Venture capital (VC) firms are staffed by paid professionals whose full time job it is to invest money into promising startups and help those startups quickly become worth a lot of money. VC firms generally raise their money from enormous financial institutions like pension funds, sovereign wealth management funds, and very large corporations. The entities that invest in a VC firm are called Limited Partners (LPs) because while they provide the capital, they don’t actually get to decide what companies get investment. That’s left to the General Partners (GPs or just “partners”), the full-time investment professionals at the firm.


GPs get paid an annual management fee of 1-2% (of the total fund size) plus about 20% of any of the profits reaped from their investments (called a carry). The remaining 80% is naturally paid back to the LPs. While the carry is distributed by seniority within the firm, it’s usually the case that the partner who is managing the deal gets the lion’s share, so there’s a lot potentially on the line for the partner who’s sitting on a Board.
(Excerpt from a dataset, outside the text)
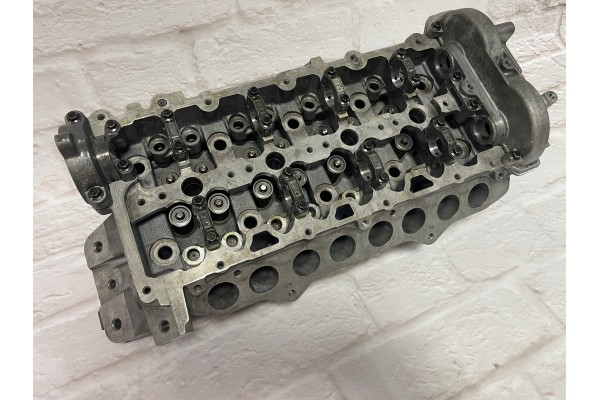 Cylinder head Volvo Mild hybrid 2 0B4D 32267570 2018 2026 XC60 V90 V60 XC90 Quality of parts according to GVO O original with ma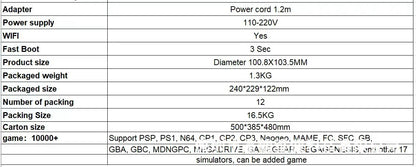 HY300max/P30max/HY350max Android Projector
When dealing with VC firms, it’s very important to know if you’re dealing with a partner (someone who can actually vote / make decisions) or an associate (also sometimes dubbed an “analyst”). You see, a lot of people think it would be really sweet to be a VC partner, so they go to business school and then get a job at a VC firm, hoping to work their way up. Their starting position is as an associate...and usually they don’t make it farther than that. They sit in front of Excel spreadsheets all day long trying to figure out what deals should be worth what. If an associate calls you, keep in mind that part of their job is to sound really excited about your company and that it is full of promise. But if there’s no partner involved in the deal, there is a 0% chance of anything happening. Get a partner involved or don’t waste your time.


Another thing you should know about VC firms is that nearly all of them have Partner Meetings on Mondays. These meetings are where the final investment decisions are made, usually shortly after a CEO pitches the full collection of partners. If you get asked to come in on a Monday to a VC firm, it’s a very good thing.





There are two common ways that a Silicon Valley can raise money from investors: a convertible note (debt) and a priced investment round (equity sale) like a Series A.


convertible notes


In a convertible note sale, the company takes a loan from an investor or set of investors. The loan has interest (usually low, like 6% a year) that is not payable until the loan comes due (often 12 to 18 months out) and is secured by the company’s assets. Interestingly enough, the intent is almost never that the loan is paid off. That’s because this is not ordinary debt, it’s a “debt instrument” or “note” that has terms that enable the investor to potentially make back much more than 6%.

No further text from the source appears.